Epifania, il cardinal Scola celebra Messa e pranza con una famiglia di profughi

L'Arcivescovo di Milano: "La vita buona è merrce rara, si acquista con impegno"

Il cardinale Scola incontra e ospita una famiglia di Palestinesi nel giorno dell'Epifania

Il cardinale Scola incontra e ospita una famiglia di Palestinesi nel giorno dell'Epifania

Milano, 6 gennaio 2016 - Solennità dell'Epifania, l'arcivescovo di Milano Angelo Scola ha celebrato la Santa Messa in Duomo: "La vita buona è oggi una merce piuttosto rara, da acquistare con coraggio ed impegno. Vero e proprio contenuto di educazione civica di cui nel nostro paese troppo spesso si sente la mancanza". Il cardinale ha poi parlato di una riflessione "sull'affaticamento della nostra Europa così come sulla necessità, invocata spesso dall'insegnamento sociale della Chiesa, di un nuovo ordine mondiale. Fattori che ci spingono a lavorare alla promozione di una democrazia sostanziale che poggi su libertà effettivamente realizzate". "Fare - ha concluso -, chiede il sapersi inchinare di fronte a Dio, o almeno ad un senso compiuto del vivere, che affratella la famiglia umana".
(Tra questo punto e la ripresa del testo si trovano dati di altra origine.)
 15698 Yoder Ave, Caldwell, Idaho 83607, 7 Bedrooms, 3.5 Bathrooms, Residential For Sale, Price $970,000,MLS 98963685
Al termine della celebrazione, Scola ha pranzato in Curia con una famiglia di profughi palestinesi. Ospite è stata la famiglia Hamdawi, composta da nove persone, in Italia da 8 mesi. Sono musulmani di origine palestinese: gli antenati fuggirono nel 1948 in Iraq a causa della guerra. A raccontare il lungo peregrinare che li ha fatti approdare a Milano, è stato Khaled, il figlio maggiore: "Nel 2008 eravamo a Baghdad, dove mio padre era titolare di un grande garage. Più volte minacciato, ha deciso di andare via dopo che tutte le persone che lavoravano nel garage sono state uccise per ritorsione. La confusione nel Paese ci ha indotto a fuggire. Da Baghdad siamo andati a Erbil per circa quattro mesi". Gli Hamdawi comprendono che, a causa della loro origine, rimanere in Iraq è problematico. Approdano in Siria. "Non potevamo tornare in Palestina - ha ammesso Khaled -  e nemmeno restare in Iraq, ci avrebbero uccisi". Anche in Siria, però, la permanenza non è possibile: il viaggio tribolato prosegue allora in Turchia. Qui la vita è ancora più difficile: subiscono furti, non hanno casa, finiscono a vivere in una tenda, in otto per due anni: "Nel campo eravamo in duemila". Ecco il primo approdo in Italia: nel 2010 sono a Riace Superiore, in Calabria. Ottengono una casa per un certo periodo, ma poi l’espulsione. "Non parlavamo l’italiano, avevamo difficoltà e non la cittadinanza, quando siamo usciti dall’Italia non sapevamo dove andare - ha ricordato Khaled -. Per due settimane abbiamo dormito in stazione a Roma, poi siamo partiti per la Svezia, dove abbiamo chiesto asilo politico come rifugiati. Lì siamo rimasti un anno e poi, quando è nata la mia ultima sorella, siamo tornati in Italia, ancora in Calabria, vicino a Palmi. Siamo stati lì per un altro anno, finché non abbiamo avuto tutti i documenti".

La famiglia è allora partita per la Danimarca, dove è rimasta due anni e mezzo. E poi di nuovo in Italia: "All’aeroporto della Malpensa per tre notti abbiamo dormito in strada. Poi ci hanno mandato alla Stazione Centrale di Milano e ci hanno detto che lì c’era un progetto per l’accoglienza dei migranti...". E l’incontro con Casa Suraya: "Ci siamo rimasti otto mesi, poi siamo andati a Cinisello Balsamo, presso una casa della parrocchia - riprende il giovane -. Siamo da un mese e possiamo rimanere per un anno e mezzo". Il desiderio ora è quello di costruirsi un futuro: "I miei fratelli hanno cominciato ad andare a scuola, io e mio padre cerchiamo un lavoro. Vogliamo inserirci, voglio anche riprendere a studiare". Per quello che è accaduto nell’ultimo anno in Italia la gratitudine è immensa. Il bene ricevuto si tramuta in bene donato: "A Casa Suraya è come se avessimo una famiglia. A Cinisello Balsamo abbiamo conosciuto le persone che vivono nel contesto della parrocchia, ci troviamo bene. Vado anche a fare volontariato alla Caritas e a dare una mano con i profughi alla Stazione Centrale".